POMO Submitted to Accepted ratio
In a prior Zero Hedge post (here), it was clearly demonstrated (to all save a few unnamed asshats who believe in coincidences against all statistical probability) that equities and interest rates tend to rally on POMO days relative to non-POMO days. Here, using the Fed’s Total Par ‘Accepted’ and ‘Submitted’ data, we can show that, not only is this effect not a coincidence, but that the magnitude of the market’s reaction to POMO on any given day is positively correlated with the outcome of that day’s operation.
The POMO ‘Submitted-to-Accepted’ ratio can be thought of as being similar to a reverse bid-to-cover ratio in Treasury auctions. Primary Dealers submit a certain volume of paper and the Fed accepts a portion of it. If POMO is indeed having a direct impact on the markets, there should be a relationship between the submitted-to-accepted ratio and the size of the market’s response.
More specifically, the generic market effect on POMO days (i.e. stocks and yields up relative to non-POMO days) should be pronounced when the submitted-to-accepted ratio is relatively low (“meets expectations”) and muted when the ratio is high (“a negative surprise”, particularly if said Dealers had already positioned themselves in pre-POMO trading, based on a set of expectations regarding the outcome).
In fact, this is exactly what we find in the data. The first chart below compares the returns on days when the ratio is below average (S/A < Avg.) with days when it is above average (S/A > Avg.). Note that, indeed, the effects of POMO are pronounced when submitted/accepted is lower than average and subdued when it is above (vs. all POMO days). And of course, the returns under all POMO scenarios is higher than non-POMO days.
To eliminate the potential impact of skew in the ratio, we also conducted the analysis above using the ratio’s median (S/A < Med. and S/A > Med.).

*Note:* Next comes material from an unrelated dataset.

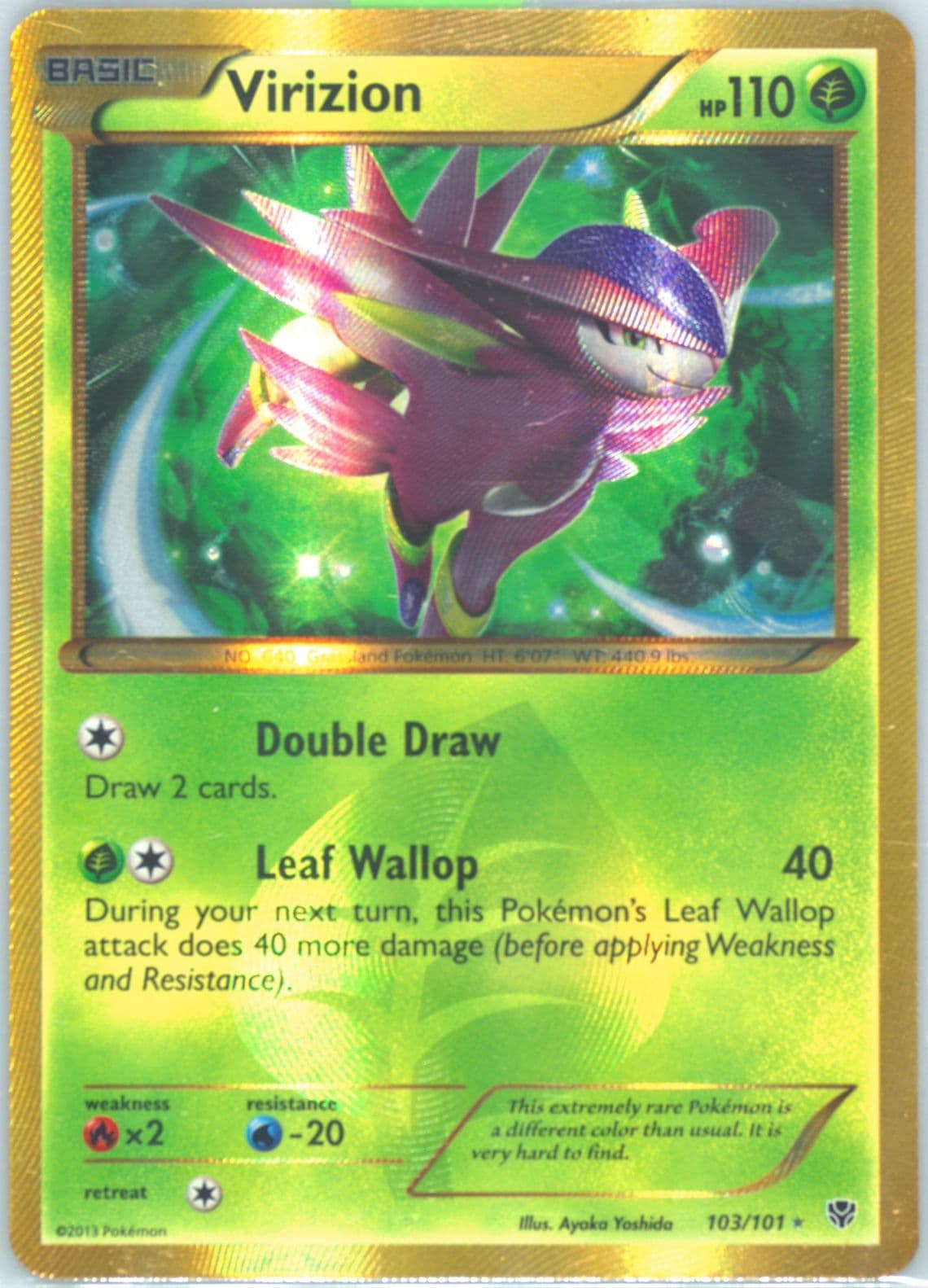 Virizion (103) 2013 Pokemon Black & White Plasma Blast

Note that the data has the same monotonic relationship.
To the extent the submitted-to-accepted ratio is a better indicator of the market’s response than is the actual size of the operation itself, there is evidence that Dealers are (surprise) front running in pre-POMO trading, but this is a topic for another day. At a minimum, this analysis confirms the link between POMOs and market reactions, as well as illustrating that the success rate of dealer submissions is positively correlated with the magnitude of the market’s response. Finally, it suggests the submitted-to-accepted ratio contains valuable information regarding post-POMO intraday trading on POMO days.